De chronische myeloïde leukemie (CML) is een speciaal subtype van leukemie waarbij de witte bloedcellen in het bloed ziek worden en een schadelijk effect hebben op het hele organisme. Maar hoe kan CML precies worden vastgesteld? En hoe kan chronische myeloïde leukemie worden behandeld?
Wat is chronische myeloïde leukemie?
Chronische myeloïde leukemie is verraderlijk en veroorzaakt vaak jarenlang geen symptomen. Zelfs in de vroege stadia van de ziekte kan een routinebloedonderzoek een toename van het aantal witte bloedcellen (leukocyten) en de aanwezigheid van onrijpe bloedcellen aantonen.© peterschreiber.media - stock.adobe.com
Bij chronische myeloïde leukemie worden de witte bloedcellen, leukocyten genaamd, aangetast. Deze bloedcellen zijn gemaakt van stamcellen die in het beenmerg worden aangetroffen. De taak van de witte bloedcellen is enerzijds om ziekteverwekkers en celresten te vernietigen, maar anderzijds ook om het immuunsysteem te ondersteunen.
Als u CML heeft, kunnen de leukocyten niet volledig rijpen en zijn ze daardoor functioneel. Tegelijkertijd is er een sterke en continue toename van defecte leukocyten in het bloed en het beenmerg.
Als de chronische myeloïde leukemie voortschrijdt, verdringen deze leukemiecellen de gezonde bloedcellen, wat leidt tot een acuut tekort aan rode en functionele witte bloedplaatjes en bloedplaatjes.
De ziekte heeft meestal meerdere jaren geen symptomen en is daarom in de beginfase, de chronische fase, moeilijk te herkennen. De CML moet worden onderscheiden van acute myeloïde leukemie.
oorzaken
De oorzaak van een ziekte door chronische myeloïde leukemie is meestal de genetische afwijking van de genetische samenstelling. De CML is meestal het zogenaamde Philadelphia-chromosoom, dat wordt verkort en dus overmatige activiteit van het tyrosinekinase veroorzaakt.
Dit enzym is dan verantwoordelijk voor de drastische toename van het aantal leukocyten in het bloed. Artsen noemen benzeen, ioniserende en radioactieve straling en virussen ook als risicofactoren voor het ontwikkelen van CML. De exacte oorzaken zijn echter nog onbekend, ondanks de huidige stand van medisch onderzoek.
Symptomen, kwalen en tekenen
Chronische myeloïde leukemie is verraderlijk en veroorzaakt vaak jarenlang geen symptomen. Zelfs in de vroege stadia van de ziekte kan een routinebloedonderzoek een toename van het aantal witte bloedcellen (leukocyten) en de aanwezigheid van onrijpe bloedcellen aantonen. De eerste waarneembare symptomen zijn vaak verminderde prestaties, vermoeidheid, depressieve stemmingen en verminderde eetlust - deze klachten zijn zeer onspecifiek en kunnen ook worden veroorzaakt door andere, veelal ongevaarlijke, gezondheidsproblemen.
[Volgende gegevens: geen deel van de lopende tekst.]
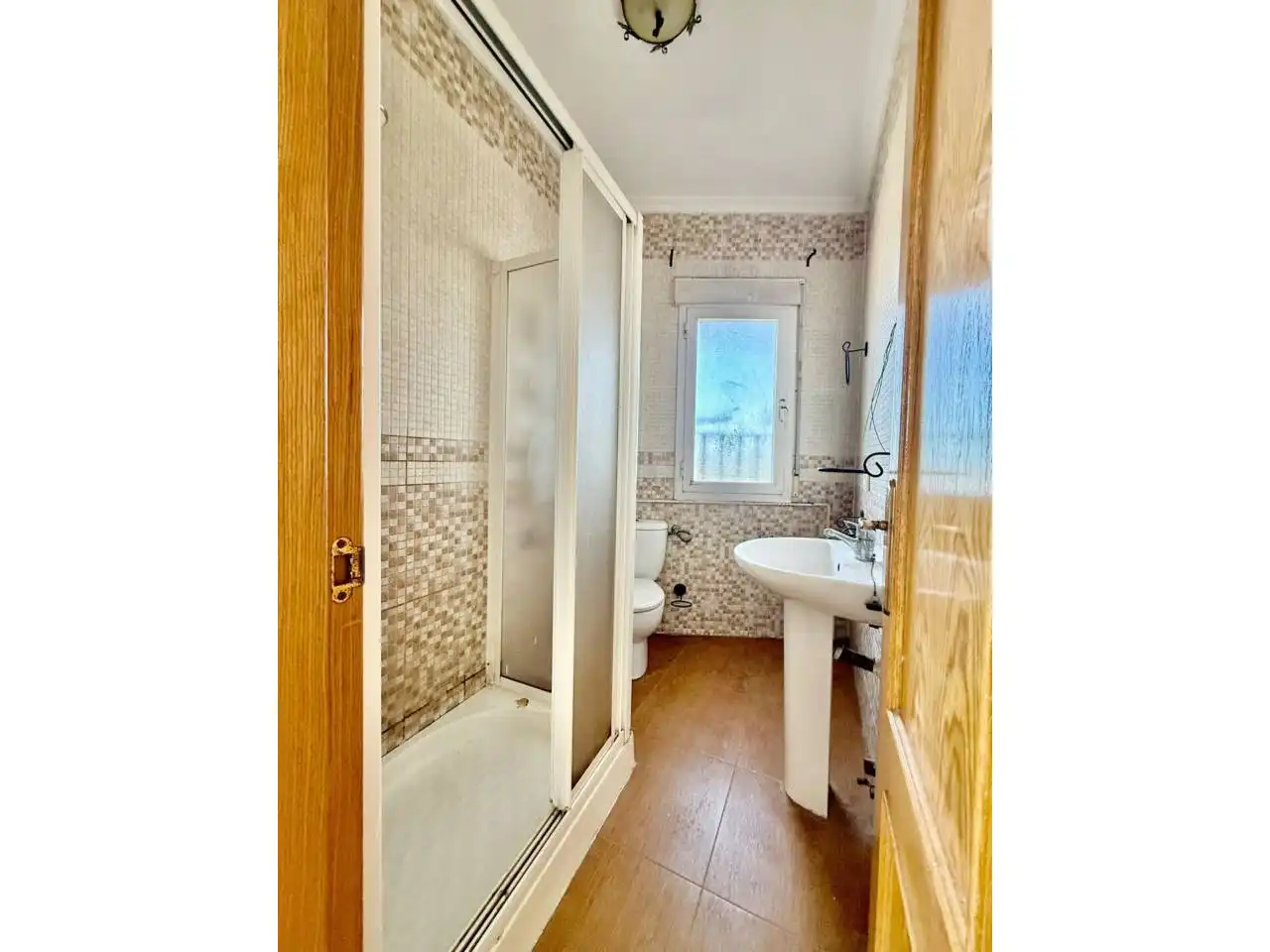 Baño de Casa adosada en venta en Miguel Esteban con Alarma y Piscina comunitaria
Een duidelijkere indicatie is een gevoel van druk in de bovenbuik, dat wordt veroorzaakt door de voelbaar vergrote milt. Af en toe veroorzaakt het ook rugpijn. Als de ziekte voortschrijdt, is een verhoogde bloedingsneiging vaak merkbaar door bloedend tandvlees, neusbloedingen en bloedingen in de huid.
Een tekort aan rode bloedcellen wordt aangegeven door een merkbaar bleke huid en een aanzienlijke prestatievermindering; kortademigheid en een verhoogde polsslag zijn ook mogelijk. De verzwakking van het immuunsysteem leidt tot een verhoogde vatbaarheid voor infecties. Veel voorkomende symptomen zijn ook koorts zonder aanwijsbare oorzaak, toegenomen nachtelijk zweten en ongewenst gewichtsverlies.
Chronische myeloïde leukemie moet worden overwogen als deze symptomen terugkeren of aanhouden gedurende een lange periode. Zonder behandeling verergeren de symptomen gewoonlijk in de loop van de ziekte, die sterk kan variëren van patiënt tot patiënt.
Diagnose en verloop
Bij verdenking op chronische myeloïde leukemie wordt het bloedbeeld eerst grondig onderzocht in het laboratorium. Om de ziekte zo snel en effectief mogelijk te kunnen bestrijden, is ook een beenmergbiopsie nodig.Het bewijs van het verschijnen van het Philadelphia-chromosoom wordt echter als definitief bewijs van CML beschouwd.
Een ziekte door CML begint met de vaak symptoomvrije chronische fase. Dit wordt gevolgd door de zogenaamde versnellingsfase. Deze fase wordt voornamelijk gekenmerkt door een verslechtering van het bloedbeeld, waardoor de neiging tot bloeden toeneemt, terwijl tegelijkertijd het immuunsysteem verslechtert. De getroffenen hebben dan de neiging om kortademigheid, bleekheid, hartkloppingen en verminderde prestaties te hebben.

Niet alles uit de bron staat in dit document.